This decomposition enables DoRA to adjust feature importance through $m$ without changing directions, refine feature combinations through $B,A$ while maintaining unit-length directions, and achieve more efficient adaptation by targeting the specific type of update needed for your diffusion model.

Implementation Note: Column-wise Normalization for Diffusion Training

An important implementation detail, which was ambiguous in the original paper and later clarified in the LyCORIS library, concerns how to compute the column-wise norms when training stable diffusion models.
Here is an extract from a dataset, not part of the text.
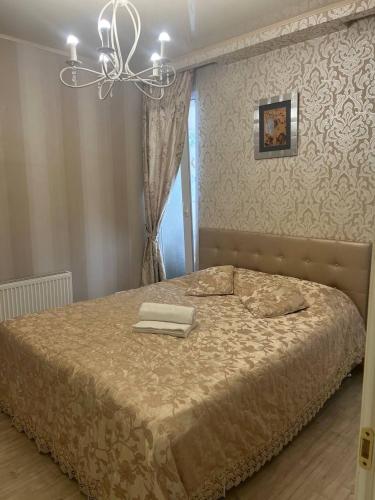 a bedroom with a large bed with a chandelier at Classic Contemporary Apartament in Chişinău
For a weight matrix $W \in \mathbb{R}^{d \times k}$ (where $d$ is output dimension and $k$ is input dimension), there are now two implementations:

  • Column-wise view (new correct method, wd_on_out=True):

    • Directly computes norms across input dimensions for each output dimension
    • Results in norms of shape $(d, 1)$, one per output feature
    • Each norm represents the magnitude of that output feature’s response to all inputs
  • Transposed view (default method, wd_on_out=False):

    • Computes norms across output dimensions for each input dimension
    • Results in norms of shape $(1, k)$, one per input feature
    • Each norm represents how much an input feature influences all outputs combined

The column-wise view is considered “correct” for diffusion model training because:

  1. It preserves the natural interpretation where each column $w_j$ is a vector in output space ($\mathbb{R}^d$)
  2. Each normalized column represents a unit direction in output space, controlling how that input feature influences the output distribution
  3. It matches Weight Normalization’s original formulation for gradient conditioning

The key implementation in LyCORIS (which many use for training SDXL models) shows these two approaches:

if self.wd_on_out:
    # Column-wise view (correct):
    # Norms of shape (output_features, 1)
    weight_norm = (
        weight.reshape(weight.shape[0], -1)      # [d, k] -> [d, -1]
        .norm(dim=1)                             # Norm along input dimensions
        .reshape(weight.shape[0], *[1] * self.dora_norm_dims)
    ) + torch.finfo(weight.dtype).eps
else:
    # Transposed view (not recommended):
    # Norms of shape (1, input_features)
    weight_norm = (
        weight.transpose(0, 1)                    # [d, k] -> [k, d]
        .reshape(weight.shape[1], -1)            # Reshape to [k, -1]
        .norm(dim=1, keepdim=True)               # Norm along output dimensions
        .reshape(weight.shape[1], *[1] * self.dora_norm_dims)
        .transpose(0, 1)
    ) + torch.finfo(weight.dtype).eps

Gradient Analysis for Efficient Training

The gradients with respect to $V’ = V+\Delta V$ and $m$ are:

$$\nabla_{V’} \mathcal{L} = \frac{m}{||V’||{c}}\left( I - \frac{V’V’^{\mathbf{T}}}{||V’||{c}^2} \right) \nabla_{W’} \mathcal{L}$$

$$\nabla_m \mathcal{L} =\frac{\nabla_{W’} \mathcal{L} \cdot V’}{||V’||_{c}}$$

To reduce memory overhead during training diffusion models, $||V + \Delta V||_{c}$ is treated as a constant during backpropagation (detached from the gradient graph), leading to simplified gradients:

$$\nabla_{V’} \mathcal{L} = \frac{m}{C} \nabla_{W’} \mathcal{L} \text{ where } C = ||V’||_{c}$$

This modification preserves the gradient with respect to $m$ while reducing training memory by ~24.4% for LLaMA and ~12.4% for VL-BART. The impact on accuracy is negligible, with only a 0.2% difference on LLaMA and no measurable difference on VL-BART. For resource-intensive stable diffusion training, this memory efficiency is particularly valuable.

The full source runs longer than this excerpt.